Long-acting nitrates, such as isosorbide dinitrate, isosorbide mononitrate, and nitroglycerin, are recommended when beta-blockers or calcium channel blockers are not tolerated or are contraindicated, or when additional therapy is needed to achieve symptom control.[6] Despite differences in dosing and formulation, all nitrates seem to be roughly equivalent. Nitrates should be dosed and titrated using the lowest dose possible to alleviate symptoms and reduce the incidence of adverse effects such as headache, flushing, and tolerance. Nitrate tolerance is defined by the loss of antianginal effects after repeated dosing, necessitating increasingly higher doses to achieve a clinical effect.
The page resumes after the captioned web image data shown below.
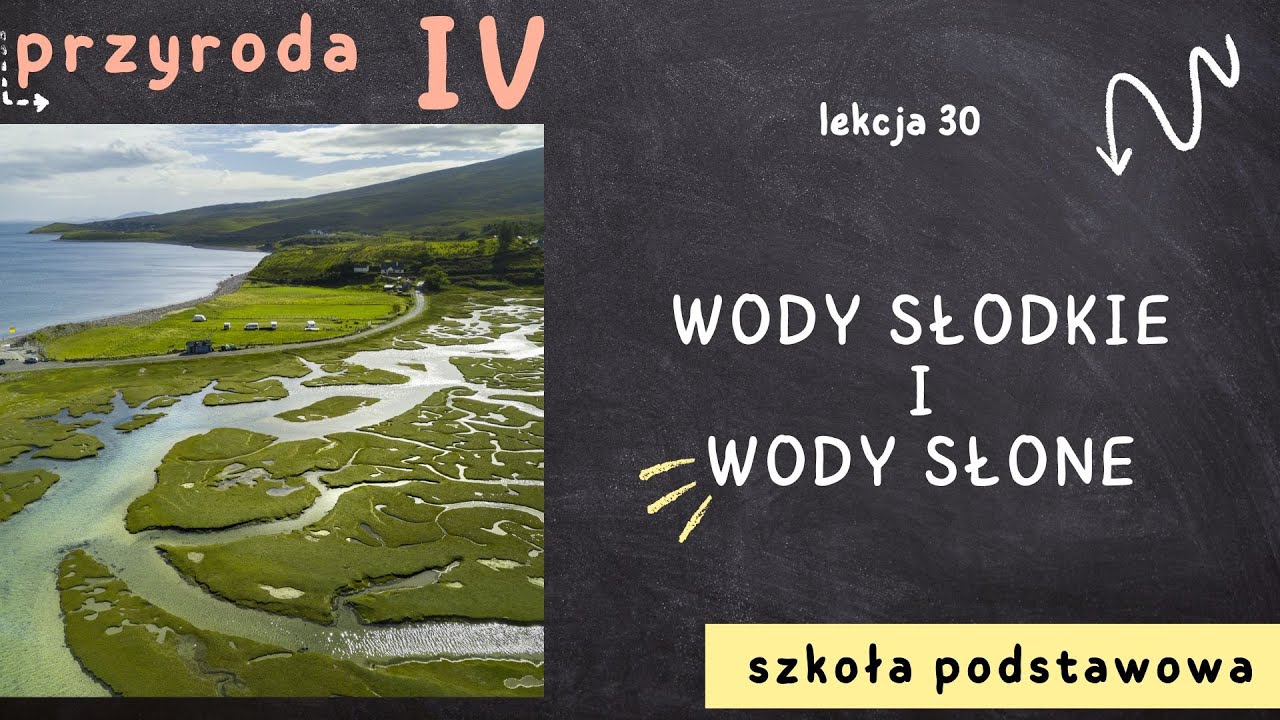 Przyroda klasa 4 [Lekcja 30 - Czy wszystkie skały są twarde?] - YouTube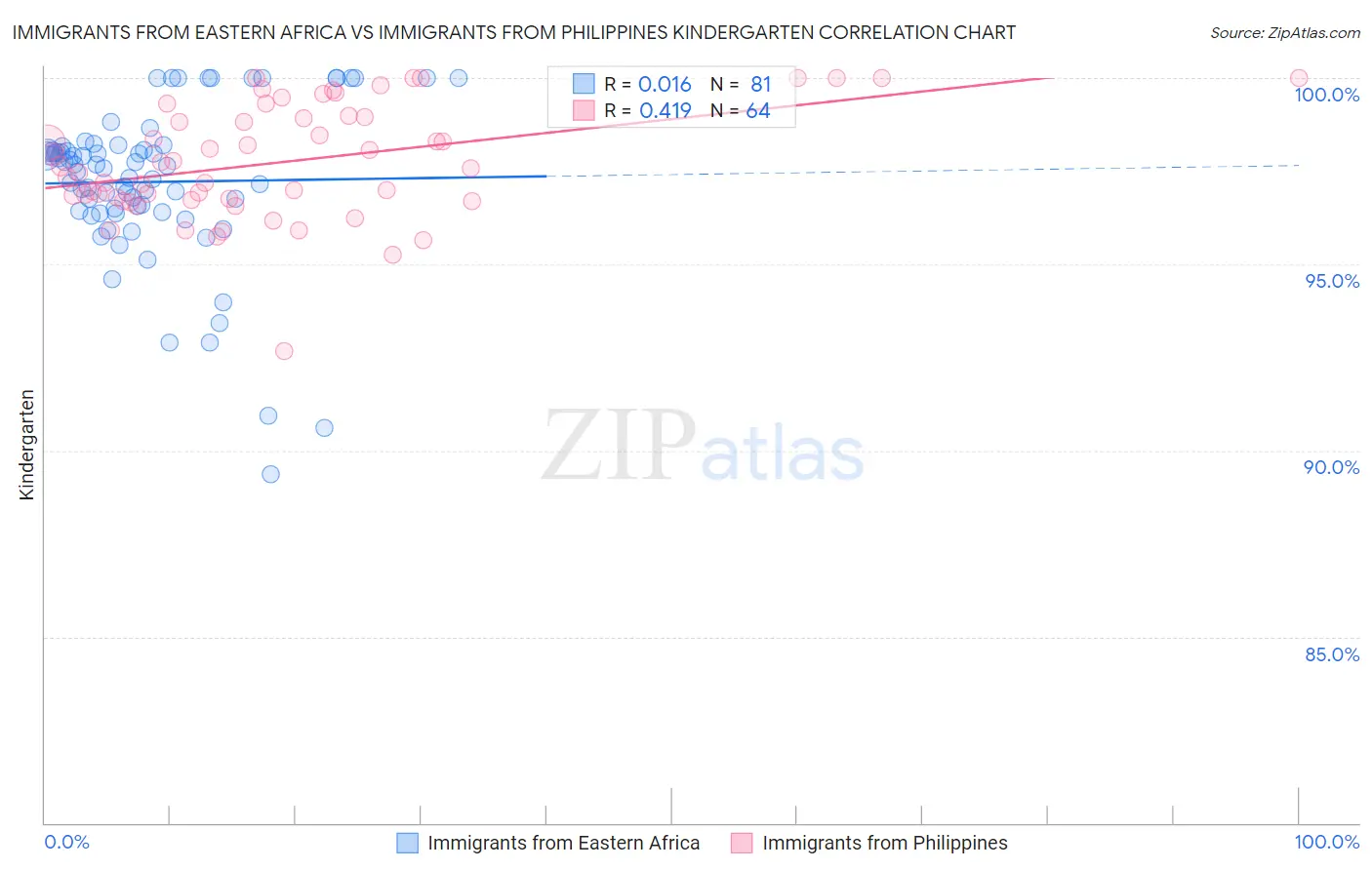 Immigrants from Eastern Africa vs Immigrants from Philippines Kindergarten
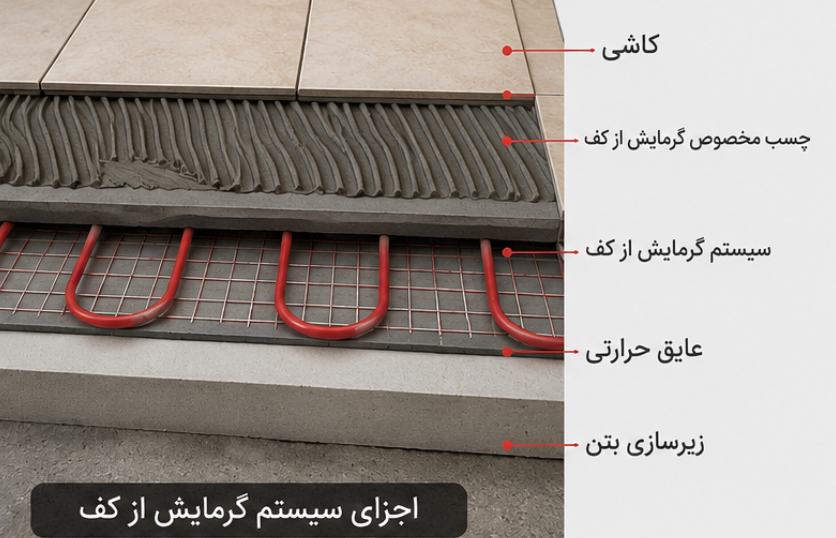 گرمایش از کف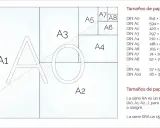 Diagrama de tamaños de papel A, con A1, A2, A3, A4, A5, A6, A7, A8 y una tabla de medidas. El tamaño tamany a5 es 148 x 210 mm.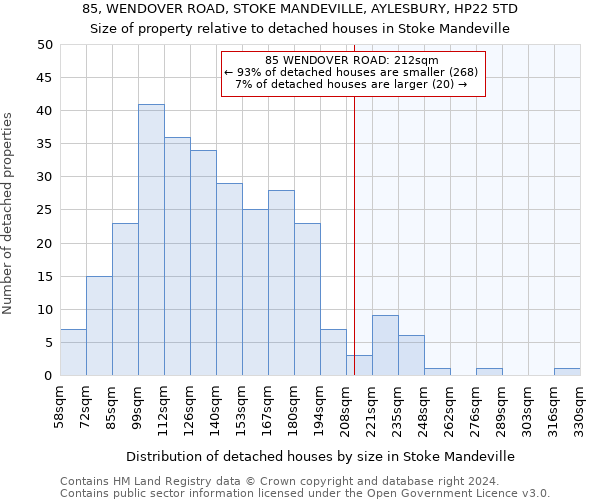 85, WENDOVER ROAD, STOKE MANDEVILLE, AYLESBURY, HP22 5TD: Size of property relative to detached houses in Stoke Mandeville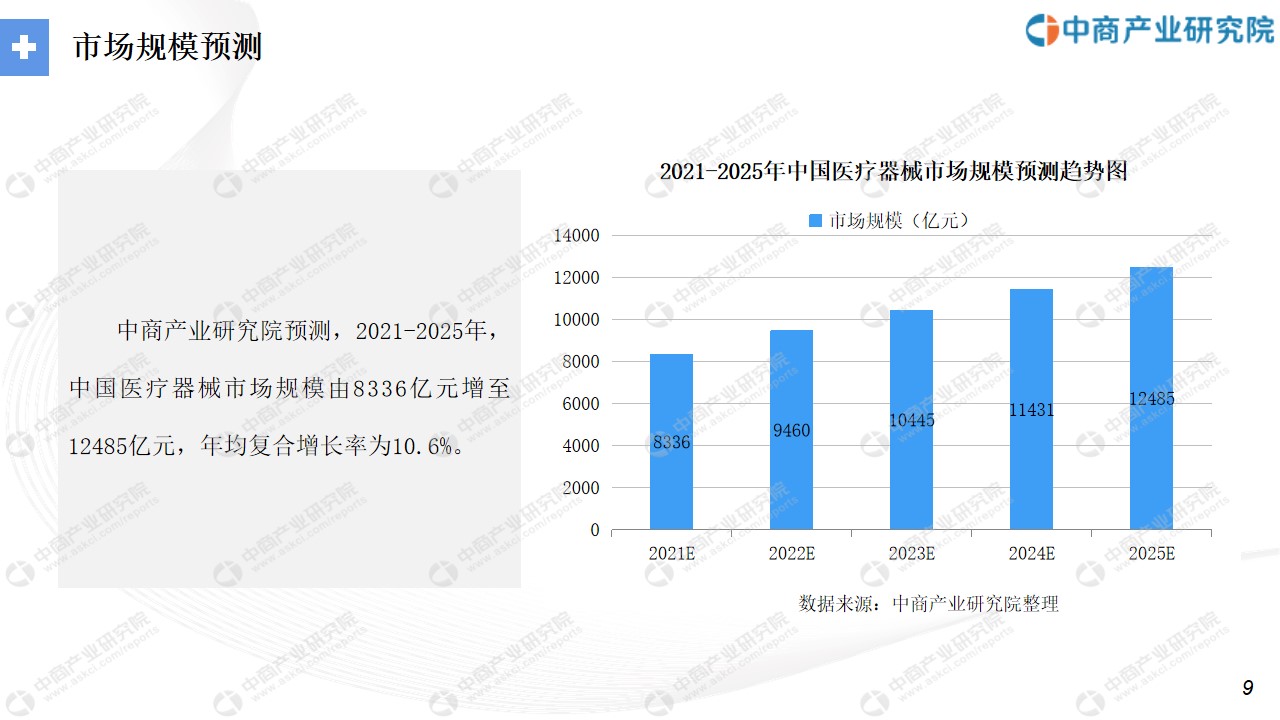 中商产业研究院：2021年“十四五”中国医疗器械行业市场前景及投资研究报告发布(图6)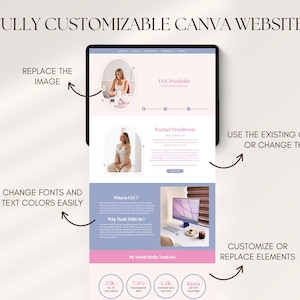 May include: A digital mockup of a website design on a tablet, with the text "FULLY CUSTOMIZABLE CANVA WEBSITE!". The design features sections with images, text, and social media analytics. The design uses a color scheme of pink, blue, and white.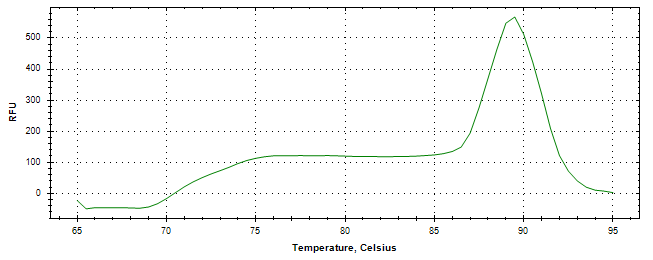 Melt curve analysis of above amplification.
Therefore, a nitrate-free interval of 10 to 14 hours must be maintained to avoid tolerance. The use of long-acting nitrates does not lead to tolerance to sublingual products.[6]

All patients with SIHD should be prescribed sublingual nitroglycerin tablets or spray for acute episodes of angina. Most patients respond within 5 minutes of taking these products, but if relief does not occur, the patient should be advised to seek medical attention immediately. These products also may be used for prevention of exercise-induced angina; their effect lasts 30 to 40 minutes.[6]


Ranolazine (Ranexa) is another therapy for chronic angina. It works by inhibiting the late inward sodium current in heart muscle and reducing sodium-dependent calcium levels, leading to a reduction in heart-wall tension and a decrease in oxygen consumption. Because ranolazine does not cause significant changes in heart rate or BP, it is an attractive alternative for patients with bradycardia or hypotension.[15] It can be used in combination with beta-blockers when relief of symptoms has not been successful, or as an alternative therapy if beta-blockers are contraindicated.[6]

Ranolazine prolongs the QTc interval in a dose-dependent manner; however, there is little experience with coadministration of other QT-prolonging agents. Of note, studies have shown a lower incidence of arrhythmias such as ventricular tachycardia, bradycardia, and atrial fibrillation with ranolazine compared with placebo. Ranolazine also may lower HbA1cin patients with diabetes. Its use is contraindicated in patients with clinically significant hepatic impairment. The most common adverse effects are constipation, dizziness, headache, and nausea.[15]